Mark Washburn

Way to go graduates, here are keys to world

N.C. State’s graduating class this month, awash in red with a line of white and blue uniformed ROTC seniors.
N.C. State’s graduating class this month, awash in red with a line of white and blue uniformed ROTC seniors.

It is my pleasure to address the graduating class of 2016. No need to remove your ear buds. I get paid either way.

I must commend you all on your unanimous commitment to wandering around in your bubbles of bliss, listening to enchanting music while gaping hypnotically at your phones.

We were cursed with growing up in a cold, stark world of breeze-rustled trees, the annoying giggles of children playing with puppies, splashy sunsets, lilting birdsong and unceasing interaction with random primates. And you can see how we turned out.

Still, there may be friction in the world you inherit, and I shall offer you a few scraps of advice, which I expect you to instantly lampoon on Snapchat.

No matter how much you scrub the apartment, the landlord will keep your security deposit.

There is a vicious, unceasing storm of disappointment awaiting those who cling to the belief that life is fair.

Ditto business.

You really do get what you pay for.

No fashion accessory you can buy will make you look better than a genuine smile.

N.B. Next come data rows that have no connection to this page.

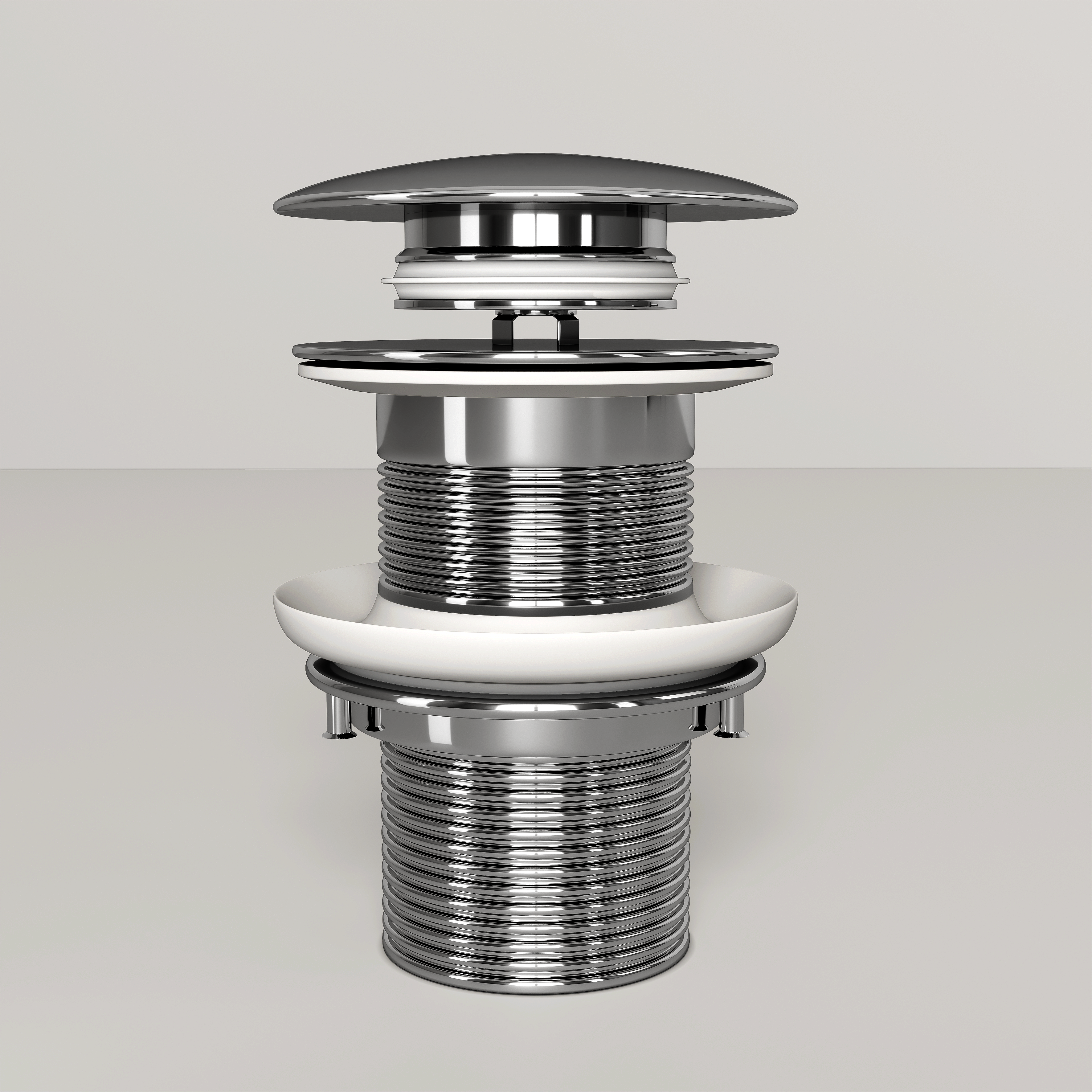 Nuvo Chrome Unslotted Click Clack Basin Waste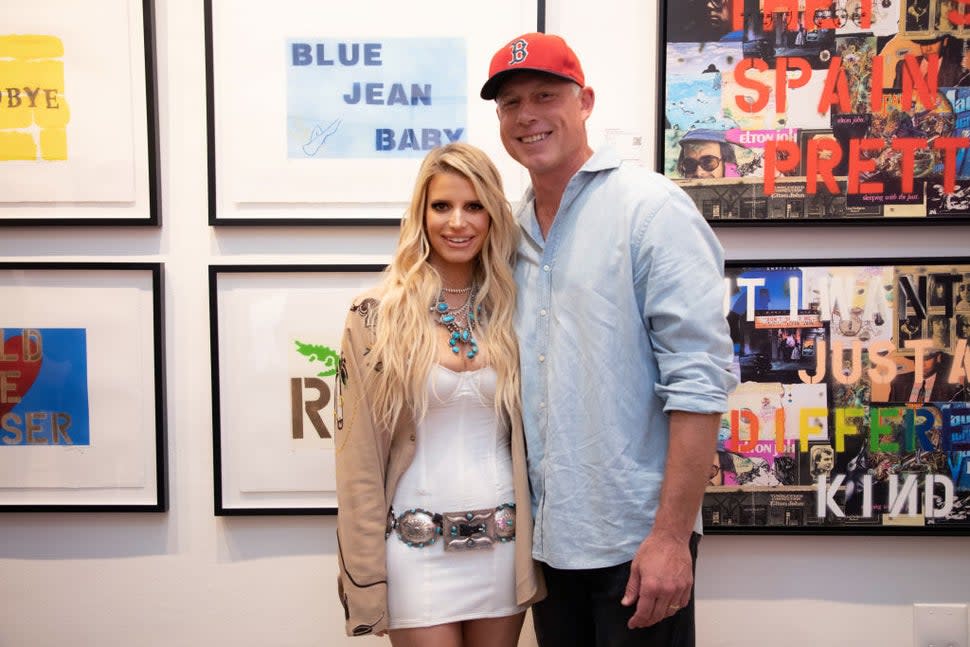 Jessica Simpson and Eric Johnson attend the opening of Bernie Taupin's art exhibit 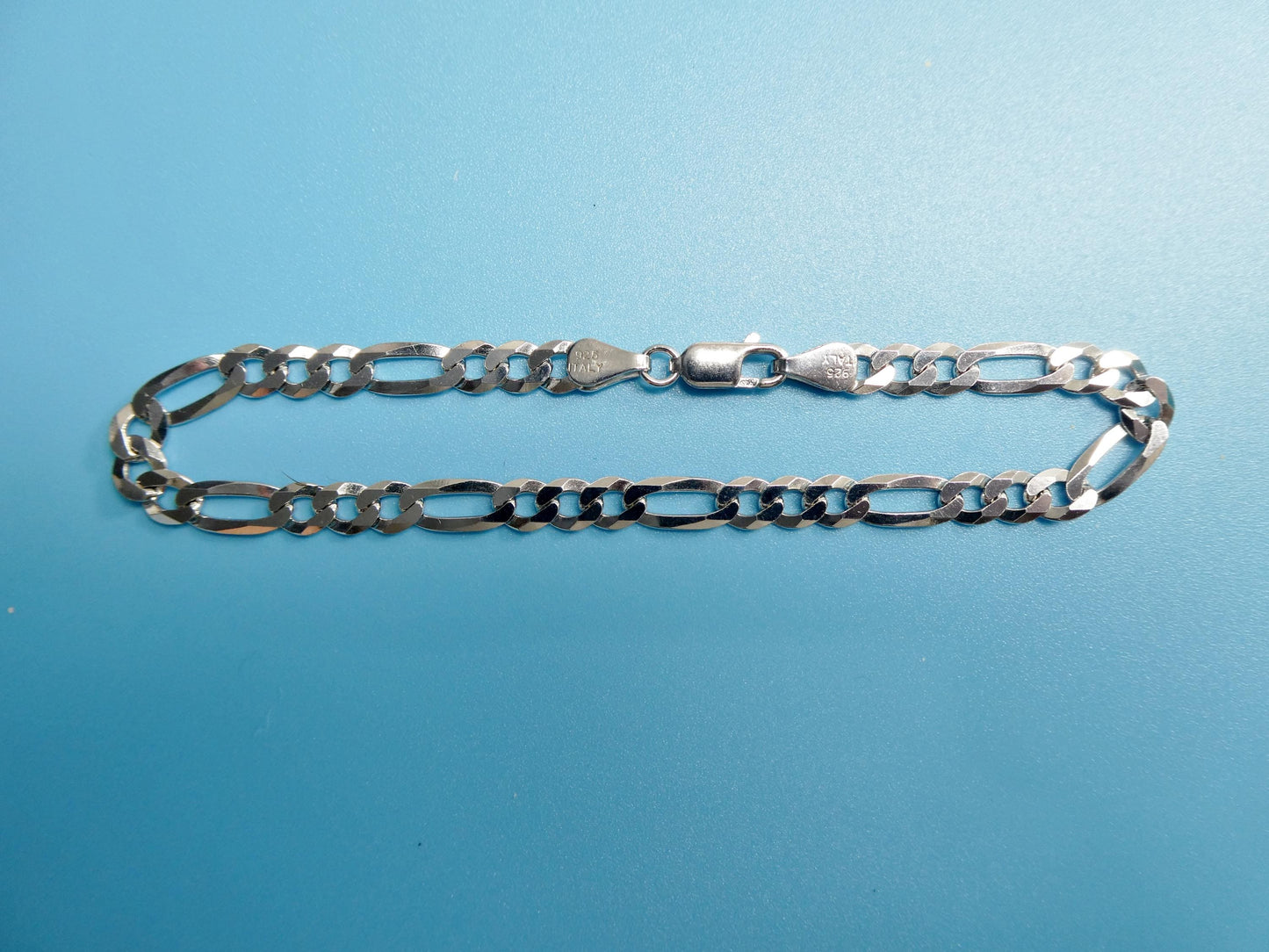 Real 925 Sterling Silver 8 Inch Flat Figaro Bracelet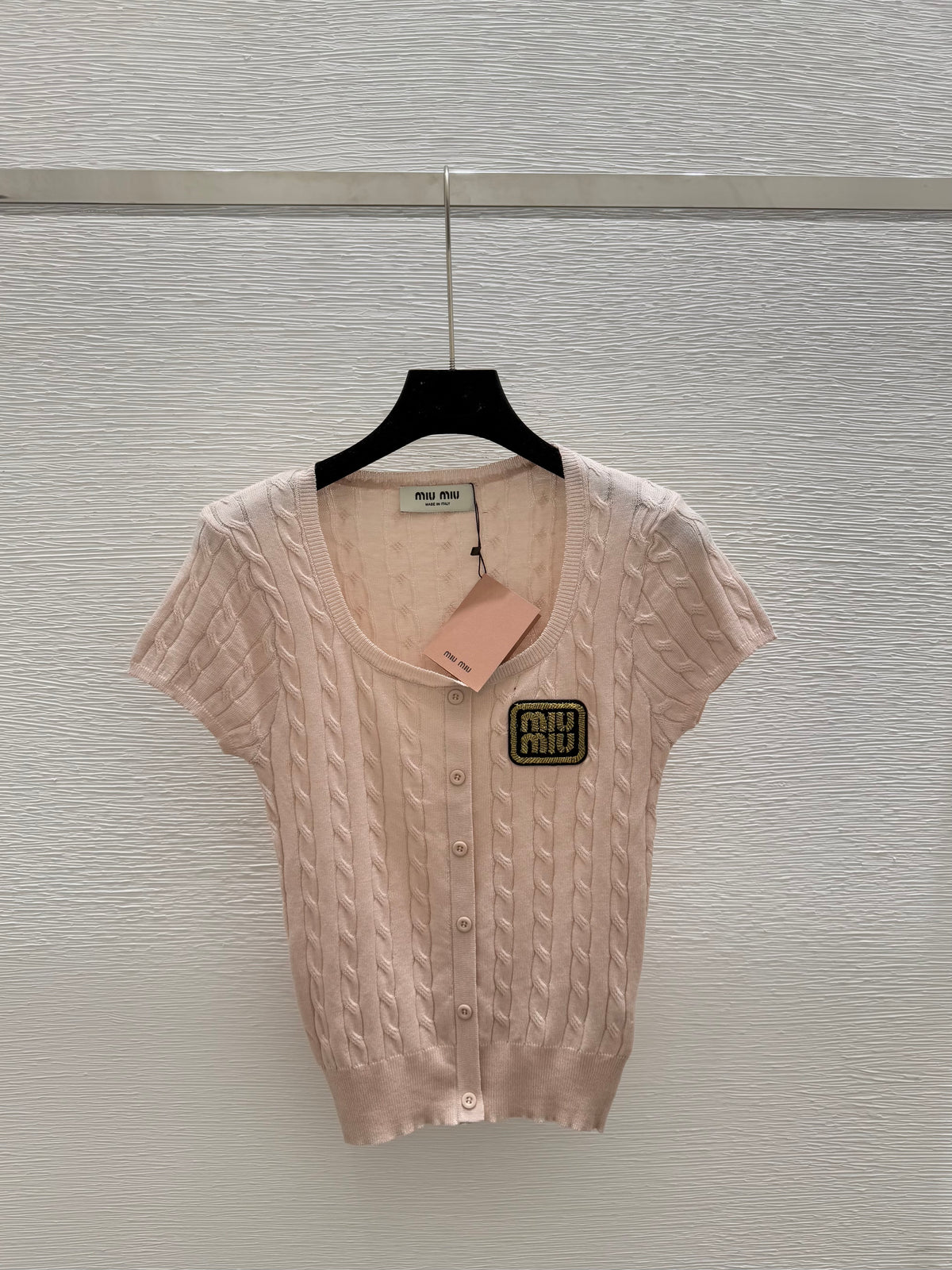 Solid color simple U-neck knitted short sleeves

Learn a whimsical skill you can occasionally use to astound your friends, like ballroom dancing, card tricks or parallel parking.

You are on a collision course with a bad boss. Sooner or later, you’ll get there. When it happens, you can wait it out, or fire him and find a better one. Waste no time: Do the latter.

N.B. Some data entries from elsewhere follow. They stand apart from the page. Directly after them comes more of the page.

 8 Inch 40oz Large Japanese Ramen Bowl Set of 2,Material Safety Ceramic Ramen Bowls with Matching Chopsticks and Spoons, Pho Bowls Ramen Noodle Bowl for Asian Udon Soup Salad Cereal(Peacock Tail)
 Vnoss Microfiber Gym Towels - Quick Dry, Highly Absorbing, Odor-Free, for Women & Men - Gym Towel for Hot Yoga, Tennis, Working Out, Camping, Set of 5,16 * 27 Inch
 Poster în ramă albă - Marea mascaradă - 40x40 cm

Someday you will get fired because that’s just the way it works. You get exactly 48 hours for a pity party, then knock it off and find the next thing.

If you really hate your job, do yourself – and your co-workers – a big favor and find another one.

To figure out how much you’re really worth to your company, get a job offer from another one.

People can effectively judge you based on the appearance of three things: your desk, your car and your refrigerator. Clean out all three periodically.

No matter what you eat or drink, your weight will probably remain the same. That magic spell abruptly expires in about five years, and you’ll spend the rest of your life wondering what happened.

If it has moving parts, pay for the warranty.

Prepare to be amazed when your mom, the dumbest person in your life, instantly becomes the wisest once you have kids of your own.

Beer: $4. Cab: $40. DUI: $4,000.

Pick your friends like they’re ingredients for dinner. Consider negative people poison.

Tattoos are forever.

If you find yourself having the absolute best time of your life, it’s probably a signal you need to go home and go to bed.

Poke around a little bit and find a charity you like. Support it by volunteering or giving little donations when you can. Strangely, you’ll find it gives you more than you give it.

If you can keep a plant alive in an apartment, you can do anything.

You cannot imagine how excited your parents are today. They think you’ll be moving out now.

There is one decision you’ll make that will affect every day of your life: Choosing a spouse. Pick carefully.

You are the smartest, most promising generation ever created. All our hopes are riding on you. Please fix this messy world we’ve left you.